Sehr bitter ist Vargas Llosas Abrechnung mit seiner eigenen Schicht oder Klasse, den Intellektuellen: „Peru ist eher ein Beweis dafür, wie instabil die intellektuelle Klasse ist und wie leicht Chancenlosigkeit, Unsicherheit, Mangel an Arbeitsmöglichkeiten, ein nicht-existenter sozialer Status und auch das Unvermögen, tatsächlich Einfluss auszuüben, sie anfällig macht für Korruption, Zynismus und Strebertum.“ (ebd., S. 400) Schon gar kein gutes Haar lässt er an den meisten Politikern: „Aber in dieser Phase des Wahlkampfs wusste ich bereits, dass es in Peru wenige Politiker gab, die von der Circe Politik nicht in Schweine verwandelt worden waren.“ (ebd., S. 524/525)
Dem Teil, in dem Vargas Llosa über das völlig unerwartete Erstarken Fujimoris berichtet, ist anzumerken, dass den Autor zur Zeit der Abfassung des Textes immer noch Zorn und Wut auf den Konkurrenten plagen, den er mehrfach abfällig lediglich als „chinito“ bezeichnet, obwohl er ansonsten betont, ein strikter Gegner jeglichen Rassismus‘ zu sein.
Immer mal wieder scheint auch zwischen den Zeilen des Textes durch, dass sich Vargas Llosa von der Mehrheit der Peruaner ungerecht behandelt fühlte, weil sie seine Bemühungen nicht gebührend oder gar nicht anerkannten: „Dieses Programm, mit den begrenzten Mitteln einer von der Regierung angefeindeten Oppositionskraft auf die Beine gestellt, brachte unter diesen Umständen ganz allein etwas zuwege, wozu der peruanische Staat nicht in der Lage war.“ (ebd., S. 657)
Schön und erhellend fand ich es, etwas über die Entstehungsgeschichte und die Hintergründe des ein oder anderen Werkes des Autors zu erfahren.

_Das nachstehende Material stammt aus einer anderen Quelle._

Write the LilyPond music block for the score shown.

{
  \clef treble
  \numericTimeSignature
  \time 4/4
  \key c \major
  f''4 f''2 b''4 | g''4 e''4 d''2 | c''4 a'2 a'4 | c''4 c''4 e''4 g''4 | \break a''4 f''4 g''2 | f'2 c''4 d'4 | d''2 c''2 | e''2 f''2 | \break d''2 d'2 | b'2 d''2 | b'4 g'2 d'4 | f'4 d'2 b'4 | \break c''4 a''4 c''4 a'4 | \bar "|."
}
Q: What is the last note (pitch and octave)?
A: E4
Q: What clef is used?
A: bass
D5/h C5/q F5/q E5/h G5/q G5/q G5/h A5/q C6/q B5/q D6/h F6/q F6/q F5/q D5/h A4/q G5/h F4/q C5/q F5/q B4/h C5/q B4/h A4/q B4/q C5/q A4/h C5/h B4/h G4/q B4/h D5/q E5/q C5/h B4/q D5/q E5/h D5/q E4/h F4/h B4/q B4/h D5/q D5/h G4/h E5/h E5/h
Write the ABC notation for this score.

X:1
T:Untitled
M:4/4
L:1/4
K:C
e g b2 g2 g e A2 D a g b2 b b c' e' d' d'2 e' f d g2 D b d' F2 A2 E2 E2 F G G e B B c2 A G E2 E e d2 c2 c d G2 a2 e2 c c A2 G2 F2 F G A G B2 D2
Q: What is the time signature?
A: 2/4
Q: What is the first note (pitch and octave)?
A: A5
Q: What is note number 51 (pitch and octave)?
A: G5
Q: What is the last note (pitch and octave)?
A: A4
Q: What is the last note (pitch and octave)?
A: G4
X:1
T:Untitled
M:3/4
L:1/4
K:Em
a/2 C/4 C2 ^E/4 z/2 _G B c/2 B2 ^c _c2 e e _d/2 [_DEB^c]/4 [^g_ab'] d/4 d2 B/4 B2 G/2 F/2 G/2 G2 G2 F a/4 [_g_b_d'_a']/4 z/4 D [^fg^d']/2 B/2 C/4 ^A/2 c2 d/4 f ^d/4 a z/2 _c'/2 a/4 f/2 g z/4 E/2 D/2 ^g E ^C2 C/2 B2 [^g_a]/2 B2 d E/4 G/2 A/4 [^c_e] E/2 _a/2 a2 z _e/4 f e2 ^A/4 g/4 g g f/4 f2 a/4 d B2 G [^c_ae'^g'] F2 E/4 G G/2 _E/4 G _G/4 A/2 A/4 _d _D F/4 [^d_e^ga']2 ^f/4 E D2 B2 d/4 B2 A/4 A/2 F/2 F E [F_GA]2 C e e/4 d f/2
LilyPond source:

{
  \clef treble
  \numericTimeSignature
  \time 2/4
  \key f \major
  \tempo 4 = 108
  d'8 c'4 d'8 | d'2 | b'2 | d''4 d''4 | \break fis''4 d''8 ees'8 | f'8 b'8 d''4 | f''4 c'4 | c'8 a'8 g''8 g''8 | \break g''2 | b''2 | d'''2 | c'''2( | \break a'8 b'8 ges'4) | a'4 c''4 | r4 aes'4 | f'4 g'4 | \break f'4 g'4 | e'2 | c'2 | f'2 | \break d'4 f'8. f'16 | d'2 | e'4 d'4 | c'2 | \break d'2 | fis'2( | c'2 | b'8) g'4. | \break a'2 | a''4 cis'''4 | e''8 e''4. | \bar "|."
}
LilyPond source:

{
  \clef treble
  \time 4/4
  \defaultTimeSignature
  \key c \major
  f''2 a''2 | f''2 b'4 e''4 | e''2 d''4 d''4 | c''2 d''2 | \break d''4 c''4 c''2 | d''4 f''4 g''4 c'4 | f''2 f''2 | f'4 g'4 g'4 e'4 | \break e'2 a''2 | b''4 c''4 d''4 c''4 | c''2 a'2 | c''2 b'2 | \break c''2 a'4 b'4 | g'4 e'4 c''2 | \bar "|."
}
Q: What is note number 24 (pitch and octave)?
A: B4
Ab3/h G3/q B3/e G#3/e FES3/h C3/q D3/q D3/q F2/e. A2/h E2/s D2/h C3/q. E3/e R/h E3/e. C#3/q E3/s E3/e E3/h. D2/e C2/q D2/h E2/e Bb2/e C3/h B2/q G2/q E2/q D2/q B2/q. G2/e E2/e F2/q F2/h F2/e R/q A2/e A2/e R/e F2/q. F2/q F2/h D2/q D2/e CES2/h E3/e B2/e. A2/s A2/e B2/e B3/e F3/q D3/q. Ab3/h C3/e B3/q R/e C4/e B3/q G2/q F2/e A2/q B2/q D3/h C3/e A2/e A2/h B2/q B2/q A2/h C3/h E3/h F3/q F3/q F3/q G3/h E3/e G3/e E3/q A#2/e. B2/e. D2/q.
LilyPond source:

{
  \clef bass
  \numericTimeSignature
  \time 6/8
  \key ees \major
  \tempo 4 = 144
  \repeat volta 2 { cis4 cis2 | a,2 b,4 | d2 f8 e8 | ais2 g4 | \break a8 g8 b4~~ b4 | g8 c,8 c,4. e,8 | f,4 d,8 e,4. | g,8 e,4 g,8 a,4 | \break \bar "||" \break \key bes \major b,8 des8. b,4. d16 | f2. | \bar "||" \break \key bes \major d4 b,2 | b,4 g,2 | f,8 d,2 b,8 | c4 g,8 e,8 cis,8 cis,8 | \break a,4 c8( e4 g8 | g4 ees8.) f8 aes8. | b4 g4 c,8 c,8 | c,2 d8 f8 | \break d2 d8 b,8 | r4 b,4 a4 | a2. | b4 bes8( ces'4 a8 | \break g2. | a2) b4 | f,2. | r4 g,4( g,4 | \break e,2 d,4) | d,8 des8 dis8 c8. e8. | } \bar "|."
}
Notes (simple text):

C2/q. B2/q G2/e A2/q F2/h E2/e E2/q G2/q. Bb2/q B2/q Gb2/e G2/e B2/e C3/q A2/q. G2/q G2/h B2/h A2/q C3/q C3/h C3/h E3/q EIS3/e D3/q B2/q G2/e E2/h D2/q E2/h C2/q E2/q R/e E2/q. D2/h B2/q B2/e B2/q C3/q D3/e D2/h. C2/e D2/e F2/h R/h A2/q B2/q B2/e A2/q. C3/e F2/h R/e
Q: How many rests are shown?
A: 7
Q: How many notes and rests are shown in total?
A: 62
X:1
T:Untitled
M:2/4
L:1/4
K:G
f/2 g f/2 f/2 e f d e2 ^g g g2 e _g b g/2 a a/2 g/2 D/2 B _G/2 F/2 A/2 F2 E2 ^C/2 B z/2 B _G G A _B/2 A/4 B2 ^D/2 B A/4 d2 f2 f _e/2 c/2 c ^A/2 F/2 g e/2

Mir war z.B. nicht bewusst, dass es das „grüne Haus“ in Piura wirklich gab. Auch bei einigen anderen Werken, die ich gelesen habe, war mir der konkrete biografische Hintergrund in der Form nicht bekannt. Mit Erstaunen las ich, dass Vargas Llosas Bücher in Peru selbst zumindest bis 1993 gar nicht veröffentlicht wurden. (ebd., S.522)
Der Untertitel Erinnerungen beschreibt dieses Buch ziemlich gut, da es nur Teilaspekte aus Vargas Llosas Leben beleuchtet und daher keine vollständige Autobiografie ist. Es wird wohl nur eingefleischte Fans des Autors interessieren. Die jedoch können sich an einer interessanten, in Teilen spannenden Lektüre und auch an manch seltsamer Anekdote erfreuen. Vier Sterne.